Les rythmes à 5/4 martelés et les dissonances énergiques de Mars, celui qui apporte la guerre (Holst utilise avec grande efficacité la bi-tonalité — deux tonalités différentes utilisées simultanément) nous sont devenus si familiers (et notamment parce qu'ils ont bien souvent été plagiés par des compositeurs de musiques de films) qu'on en oublierait facilement l'originalité de ce mouvement d'ouverture. Sa férocité est unique dans la production de Holst et ses prédécesseurs sont rares dans l'histoire de la musique.
Vénus, celle qui apporte la paix nous montre Holst sous son jour le plus détendu et lyrique — encore une atmosphère qu'il eut du mal à retrouver par la suite. C'est le plus long et le plus tendre des sept morceaux, sans aucun moment de malaise ou aucun point culminant. En cela il ressemble à Neptune, mais Vénus déborde de chaleur et Neptune est froid et sans passion.

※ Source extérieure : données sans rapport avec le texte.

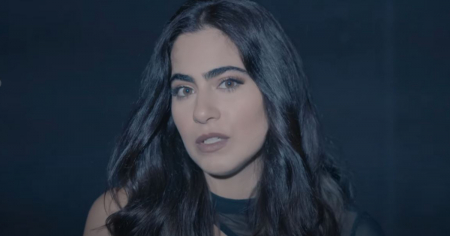 Camila Bordón, hija de Jacqueline Arenal y Mijail Mulkay, debuta en la música con "Me da la gana"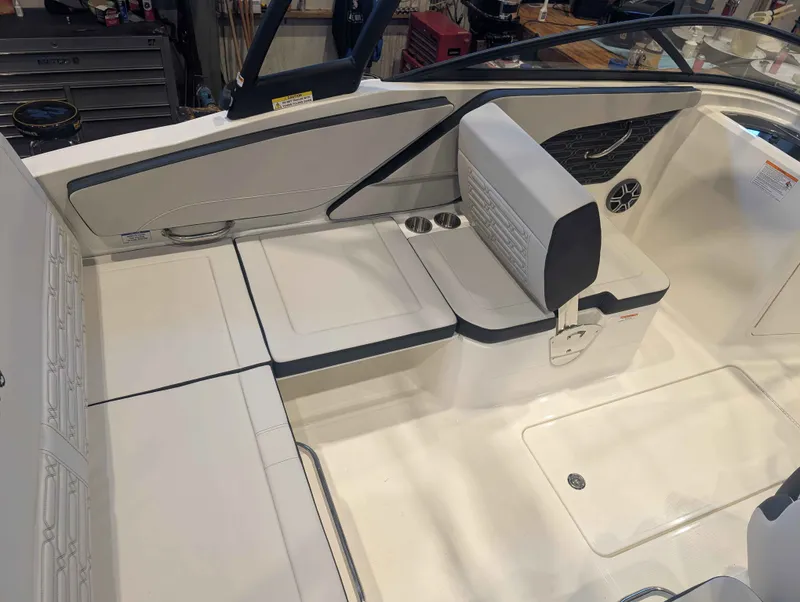 Slide: The Image of Sea Ray SPX 210/OB 2026 - 7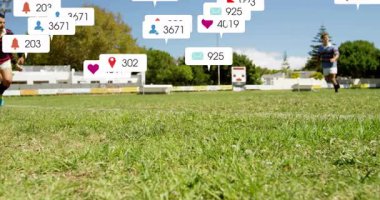 Kestane rengi forma, hızla yayılan sosyal ikonlar, açık mavi formalar, topları yükselten pazarlamaya dalıyorlar. Atletizm, rekabet, dijital pazarlama, sosyal medya, katılım, spor, açık hava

Le caractère évanescent, le vif-argent de Mercure, le messager ailé sont obtenus grâce, une fois encore, à l'utilisation de la bi-tonalité, ici aisée et limpide, alors que dans Mars elle avait produit des dissonances grinçantes et que dans Neptune elle évoquera l'éloignement et le mystère. De tous les mouvements des Planètes, Mercure est celui qui a le plus grand nombre de mesures, Jupiter excepté, mais il est de loin le plus bref en durée.
Jupiter, celui qui apporte la joie regorge de vitalité, de gaîté et de mélodies mémorables. La plus expansive d'entre elles, utilisée plus tard avec le texte de Cecil Spring-Rice «I vow to thee, my country» (Je te fais vœu, mon pays) — à une époque où, selon Imogen Holst, son père était trop fatigué et surmené pour écrire un texte original — a octroyé à ce mouvement une solennité imprévue. Holst souhaitait seulement dépeindre la facette plus mesurée de la bonne humeur.

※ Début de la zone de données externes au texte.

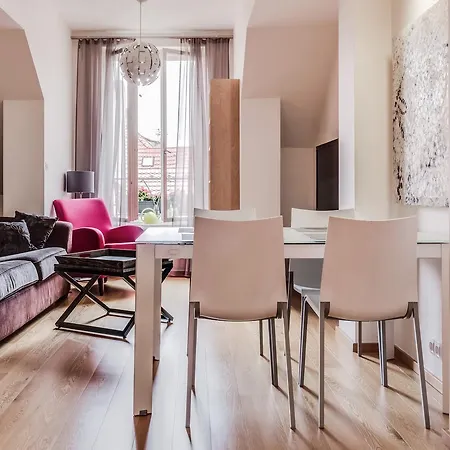 아파트 Amavi Mostecka Apartments *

Le mouvement préféré de Holst était Saturne, celui qui apporte la vieillesse (il fut déconcerté en lisant les premières critiques, qui trouvaient que c'était le moins impressionnant). Sa triste musique processionnelle est tout à fait caractéristique de son compositeur, bien qu'aucune autre de ses processions ne progresse vers un apogée aussi terrifiant. Le ressac de vagues sonores qui suit est comme un écho serein, se dissipant peu à peu dans une sorte de nirvana.
Uranus, le magicien est également caractéristique de Holst, dont le sens de l'humour était quelque peu emprunté et balourd. Cette musique est une danse maladroite qui devient de plus en plus frénétique jusqu'à ce qu'un apogée vienne balayer l'ensemble et l'entraîner au loin. Ainsi que l'écrivit un jour Imogen Holst au sujet de la tendance au laconisme de son père, «dès qu'il avait dit ce qu'il avait à dire, il s'arrêtait».
Neptune, le mystique reprend l'aspect éthéré qui a conclu les deux précédents mouvements et le soutient sans interruption, distant, mystérieux et dénué de toute émotion. Comme émergeant du néant, on entend le son distant et immatériel de voix féminines; elles sont enveloppées de vastes accords en spirale puis achèvent le mouvement, retournant au vide dont elles provenaient."